相変わらず授業には出ず、大隈裏に通っていた。
かといって右手が使えないので、完全に戦力外。
そこに、九月会の公演で音響スタッフを頼まれていた鴻上さんからお声がかかった。
「スズカツ、選曲手伝ってくれない?」
僕は、大学で演劇を始めるまで、サッカーと音楽で生きていた。
はっきり言って、舞台装置を作ったりするのは苦手だし、照明は言われたものを言われた通りにやるだけの"兵隊"。

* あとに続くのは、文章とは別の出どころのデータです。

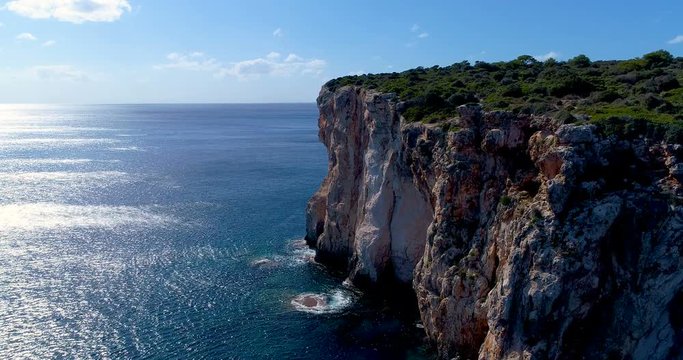 falaise sur la c&ocirc;te espagnole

そこへ「選曲」というまさに得意分野の仕事を振られたのだ。
「選曲」に関しては、どの先輩にも負けないだけの自信があった。
毎日稽古に通って、家にあるレコードから「これだ!」と思う曲を、次々に録音して持って行った。
もちろん鴻上さんは鴻上さんで選曲してきて、最終的には演出家の堀江さんが決めるわけで、ほとんどがボツにされる(生意気に「センスねえなあ」などと思った)のだが、自分のイメージが選曲を通して鮮明になるのがとても楽しかった。
鴻上さんは、クラフトワークの「人間解体」などを持ってきていたと記憶している。
コンパではディープ・パープルに日本語歌詞をつけて絶叫し、ときには下田逸郎を弾き語ったりするので意外であったが、あとから思うと、テクノ系にもすでに興味を持っていたのだと思う。
僕は、日本語の歌詞の曲を持って来いと言われ、高中正義の「トーキョーレギー」が採用された覚えがある。
芝居のイメージは選曲でかなり左右される。
というより、どういう曲をかけるか、どういうSE(効果音)を選ぶかで、芝居のイメージを定めることができる、と強く思った。
公演中も、音響ブース(もちろん黒ゴザの中)に毎日入って、カセットテープの頭出しなどで鴻上さんをサポートした。
音響オペ(オペレーター:音響操作)もやりたかったが、右手が使えないので、それはかなわなかった。
この公演は、大隈講堂前にテントを無許可で立てたり、ポリティカルな匂いが強く、学生運動華やかなりしころの名残があった。
作・演出の堀江さんは、そういう時代のロマンを強く追い求めていたが、学生演劇、小劇場界の流れはまさに変わろうとしているところだった。
支持者は多くいたし、吉田紀之は九月会を見て劇研に戻ってきたくらいだったが、堀江さんは時代の変化を察知して自ら身を引いて、この公演を最後に九月会を解散した。